* _Listed records_
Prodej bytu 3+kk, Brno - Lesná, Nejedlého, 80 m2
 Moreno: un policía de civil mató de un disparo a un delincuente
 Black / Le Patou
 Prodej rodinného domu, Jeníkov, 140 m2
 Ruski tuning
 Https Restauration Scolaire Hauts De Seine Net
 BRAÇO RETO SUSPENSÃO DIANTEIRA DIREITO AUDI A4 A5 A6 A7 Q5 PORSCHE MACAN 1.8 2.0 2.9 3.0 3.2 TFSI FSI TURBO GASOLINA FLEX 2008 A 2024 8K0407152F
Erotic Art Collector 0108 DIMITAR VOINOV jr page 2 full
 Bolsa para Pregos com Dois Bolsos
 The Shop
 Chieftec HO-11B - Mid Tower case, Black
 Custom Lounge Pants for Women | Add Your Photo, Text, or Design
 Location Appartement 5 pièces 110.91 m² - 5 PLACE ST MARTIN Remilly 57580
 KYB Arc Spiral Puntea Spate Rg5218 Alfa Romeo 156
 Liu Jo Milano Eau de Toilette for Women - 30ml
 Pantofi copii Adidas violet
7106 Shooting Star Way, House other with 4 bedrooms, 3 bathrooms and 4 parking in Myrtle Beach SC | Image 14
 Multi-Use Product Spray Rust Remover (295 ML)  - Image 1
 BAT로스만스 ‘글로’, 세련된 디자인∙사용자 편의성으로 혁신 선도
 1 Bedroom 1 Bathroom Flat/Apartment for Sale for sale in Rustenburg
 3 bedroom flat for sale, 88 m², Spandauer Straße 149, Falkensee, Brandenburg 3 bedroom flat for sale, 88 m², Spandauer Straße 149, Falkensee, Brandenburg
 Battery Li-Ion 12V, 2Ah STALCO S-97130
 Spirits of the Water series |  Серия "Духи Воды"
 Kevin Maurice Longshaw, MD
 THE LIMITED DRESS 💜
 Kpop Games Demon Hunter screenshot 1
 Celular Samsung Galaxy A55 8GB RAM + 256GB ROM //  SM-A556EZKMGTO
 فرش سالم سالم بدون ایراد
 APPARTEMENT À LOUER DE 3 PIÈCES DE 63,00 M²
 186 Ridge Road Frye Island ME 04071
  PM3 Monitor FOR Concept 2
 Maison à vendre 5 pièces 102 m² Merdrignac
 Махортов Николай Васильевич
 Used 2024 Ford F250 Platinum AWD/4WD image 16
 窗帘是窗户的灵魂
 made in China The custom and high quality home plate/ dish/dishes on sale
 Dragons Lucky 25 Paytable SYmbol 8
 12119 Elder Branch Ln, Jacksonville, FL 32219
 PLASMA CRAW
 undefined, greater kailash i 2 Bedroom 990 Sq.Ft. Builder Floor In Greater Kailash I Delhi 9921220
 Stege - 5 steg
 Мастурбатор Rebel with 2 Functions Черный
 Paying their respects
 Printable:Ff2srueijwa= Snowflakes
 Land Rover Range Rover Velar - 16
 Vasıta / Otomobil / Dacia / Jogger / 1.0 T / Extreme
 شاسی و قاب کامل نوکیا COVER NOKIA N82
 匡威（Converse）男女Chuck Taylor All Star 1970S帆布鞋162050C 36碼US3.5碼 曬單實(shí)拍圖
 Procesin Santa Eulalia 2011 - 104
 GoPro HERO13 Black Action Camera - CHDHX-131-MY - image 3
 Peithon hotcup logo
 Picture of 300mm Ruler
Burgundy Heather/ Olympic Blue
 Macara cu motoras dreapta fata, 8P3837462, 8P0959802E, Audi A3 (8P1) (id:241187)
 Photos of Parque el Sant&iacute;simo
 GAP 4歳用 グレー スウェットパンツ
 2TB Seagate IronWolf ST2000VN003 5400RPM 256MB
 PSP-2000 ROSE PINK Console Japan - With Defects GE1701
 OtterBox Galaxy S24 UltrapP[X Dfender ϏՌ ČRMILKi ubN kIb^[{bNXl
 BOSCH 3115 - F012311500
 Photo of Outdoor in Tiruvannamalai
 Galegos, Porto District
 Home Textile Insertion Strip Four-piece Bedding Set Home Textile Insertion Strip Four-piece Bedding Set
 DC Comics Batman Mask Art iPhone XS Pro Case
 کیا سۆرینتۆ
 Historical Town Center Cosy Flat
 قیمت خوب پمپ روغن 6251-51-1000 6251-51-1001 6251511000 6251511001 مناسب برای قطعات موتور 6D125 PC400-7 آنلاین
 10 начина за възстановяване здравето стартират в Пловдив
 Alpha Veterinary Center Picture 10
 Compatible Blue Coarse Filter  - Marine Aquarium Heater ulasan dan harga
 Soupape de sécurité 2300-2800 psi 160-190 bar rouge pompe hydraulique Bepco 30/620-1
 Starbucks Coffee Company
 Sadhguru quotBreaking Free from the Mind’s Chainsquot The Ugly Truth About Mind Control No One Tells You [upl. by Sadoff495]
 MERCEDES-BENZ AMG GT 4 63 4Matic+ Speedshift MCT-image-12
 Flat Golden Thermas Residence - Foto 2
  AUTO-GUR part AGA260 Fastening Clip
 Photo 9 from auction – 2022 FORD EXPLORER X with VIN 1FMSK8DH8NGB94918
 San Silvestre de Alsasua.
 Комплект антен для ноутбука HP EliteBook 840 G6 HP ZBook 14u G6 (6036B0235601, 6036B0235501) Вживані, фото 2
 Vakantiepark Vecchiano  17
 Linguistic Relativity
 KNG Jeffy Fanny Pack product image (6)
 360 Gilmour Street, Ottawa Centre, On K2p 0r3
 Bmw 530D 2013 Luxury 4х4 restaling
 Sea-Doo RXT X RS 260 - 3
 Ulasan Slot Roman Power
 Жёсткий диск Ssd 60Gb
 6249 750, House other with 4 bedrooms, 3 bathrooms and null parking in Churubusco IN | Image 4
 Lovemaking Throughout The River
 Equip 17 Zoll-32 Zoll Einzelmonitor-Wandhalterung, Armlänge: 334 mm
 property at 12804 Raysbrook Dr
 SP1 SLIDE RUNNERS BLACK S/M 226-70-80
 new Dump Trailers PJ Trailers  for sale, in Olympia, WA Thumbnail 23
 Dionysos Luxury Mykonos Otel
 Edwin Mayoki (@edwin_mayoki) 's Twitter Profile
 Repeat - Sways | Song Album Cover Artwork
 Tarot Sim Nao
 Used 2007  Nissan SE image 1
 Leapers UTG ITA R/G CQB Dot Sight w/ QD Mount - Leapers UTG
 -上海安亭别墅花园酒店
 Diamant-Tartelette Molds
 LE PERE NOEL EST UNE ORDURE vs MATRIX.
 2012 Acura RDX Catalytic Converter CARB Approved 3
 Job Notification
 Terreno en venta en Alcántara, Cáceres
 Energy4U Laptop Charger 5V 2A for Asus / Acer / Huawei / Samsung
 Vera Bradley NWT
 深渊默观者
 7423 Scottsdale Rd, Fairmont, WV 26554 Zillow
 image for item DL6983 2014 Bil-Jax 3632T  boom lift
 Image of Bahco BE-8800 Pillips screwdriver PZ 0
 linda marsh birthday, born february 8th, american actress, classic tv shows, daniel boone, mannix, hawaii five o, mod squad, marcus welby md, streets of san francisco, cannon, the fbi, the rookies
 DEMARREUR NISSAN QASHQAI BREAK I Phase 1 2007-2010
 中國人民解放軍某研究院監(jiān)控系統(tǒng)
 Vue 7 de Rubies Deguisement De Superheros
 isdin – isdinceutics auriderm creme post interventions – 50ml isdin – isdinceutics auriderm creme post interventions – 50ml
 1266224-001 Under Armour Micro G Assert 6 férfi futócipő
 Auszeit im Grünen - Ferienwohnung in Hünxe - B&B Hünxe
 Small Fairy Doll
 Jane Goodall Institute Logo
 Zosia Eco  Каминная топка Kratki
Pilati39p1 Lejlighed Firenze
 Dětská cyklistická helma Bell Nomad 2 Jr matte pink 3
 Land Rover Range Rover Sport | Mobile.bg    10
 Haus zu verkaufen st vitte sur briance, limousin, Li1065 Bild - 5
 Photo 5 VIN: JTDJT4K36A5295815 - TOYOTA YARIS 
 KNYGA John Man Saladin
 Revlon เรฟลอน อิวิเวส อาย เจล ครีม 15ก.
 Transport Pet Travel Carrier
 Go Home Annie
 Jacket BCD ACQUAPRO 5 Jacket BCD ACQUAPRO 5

* _Task description_
Read through the data above. Report each line that has the word "Rover".

* _Task result_
 Land Rover Range Rover Velar - 16
 Land Rover Range Rover Sport | Mobile.bg    10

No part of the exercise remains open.